Inequalities (AQA A-Level Further Maths): Revision Notes

Inequalities

Introduction

Inequalities are mathematical statements that compare two expressions using symbols such as < (less than), > (greater than), ≤ (less than or equal to), or ≥ (greater than or equal to). Solving inequalities follows similar rules to solving equations, but there are two crucial differences:

1. Solutions are ranges of values - Unlike equations which typically have specific numerical solutions, inequalities have solution sets that are intervals or ranges of values.

2. Sign reversal with negative multiplication/division - When you multiply or divide both sides of an inequality by a negative number, you must reverse (flip) the direction of the inequality symbol.

These differences require extra care when working with inequalities, especially when dealing with negative numbers or more complex expressions.

Multiplying and dividing by negative numbers

When solving inequalities, you must be particularly careful to avoid incorrect assumptions when working with expressions involving negative numbers.

The sign reversal rule

Key rule: When you multiply or divide both sides of an inequality by a negative number, you must flip the inequality symbol.

For example:

• If $x > 3$, then $-x < -3$ (the inequality flips from > to <)
• If $2a \leq 6$, then $a \leq 3$ (dividing by positive 2, no flip)
• If $-2a \leq 6$, then $a \geq -3$ (dividing by negative 2, so flip the sign)
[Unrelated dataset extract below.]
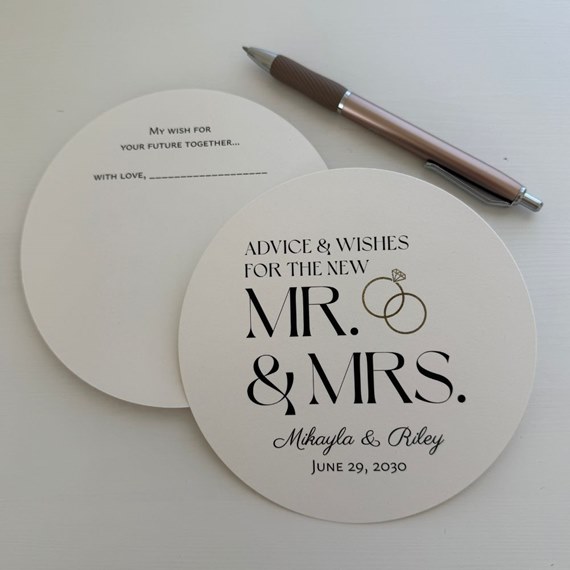 wedding advice card with text and rings graphic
Worked example: Negative denominator

Consider the inequality: $\frac{2x-1}{-5} < 3 + x$

To solve this, multiply both sides by $-5$. Since $-5$ is negative, you must reverse the inequality sign:

$\frac{2x-1}{-5} < 3 + x$ becomes $2x - 1 > -15 - 5x$

Rearranging: $7x > -14$

Dividing by 7 (positive): $x > -2$

Therefore the solution is $x > -2$, which represents a range of values.

Squaring both sides of inequalities

A common mistake is assuming that if $a < b$, then $a^2 < b^2$. This is not always true, and depends on whether the numbers are positive or negative.
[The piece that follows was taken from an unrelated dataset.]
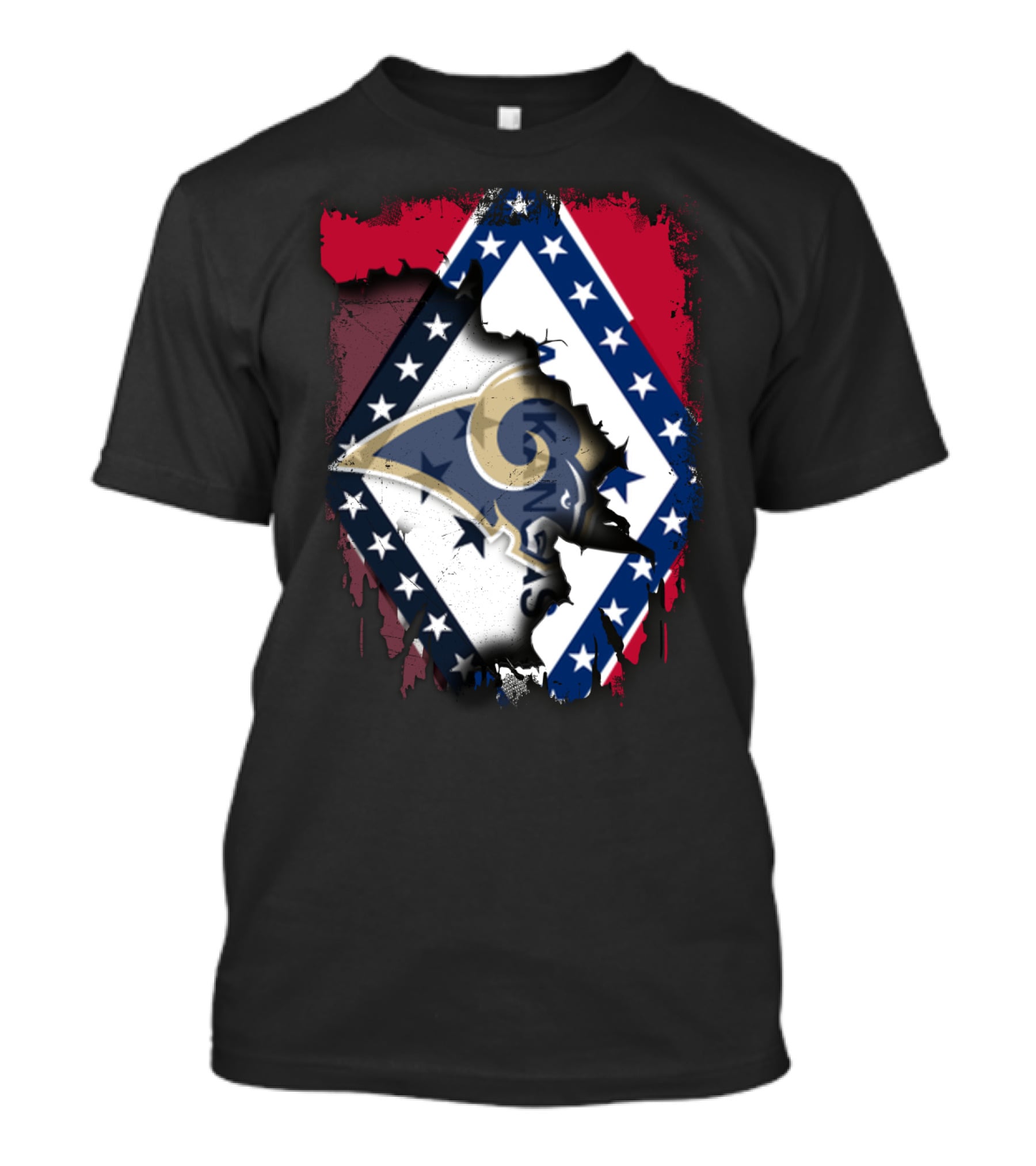 Arkansas Flag With Los Angeles Rams Logo Together T-Shirt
Example 1: When squaring fails

Counterexamples:

1. If $a = 2$ and $b = 3$, then $2 < 3$ is true. Squaring both sides: $2^2 = 4$ and $3^2 = 9$, so $4 < 9$ ✓

2. However, if $a = -3$ and $b = 2$, then $-3 < 2$ is true. Squaring both sides: $(-3)^2 = 9$ and $2^2 = 4$, so $9 > 4$ ✗

The inequality direction reversed! This shows that squaring both sides does not always preserve the inequality relationship.
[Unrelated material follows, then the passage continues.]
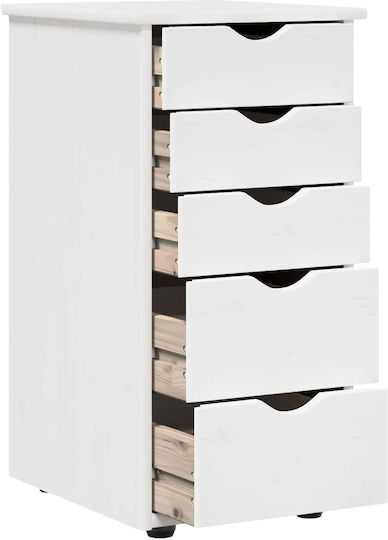 Office Drawer Made of Solid Wood with Wheels White 34x39x61.5cm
When expressions can be positive or negative, consider each case separately rather than automatically squaring both sides.

Solving rational inequalities algebraically

When solving inequalities involving fractions, you can multiply both sides by a positive expression without changing the inequality sign. If you need to multiply by an expression that could be negative, you must consider different cases.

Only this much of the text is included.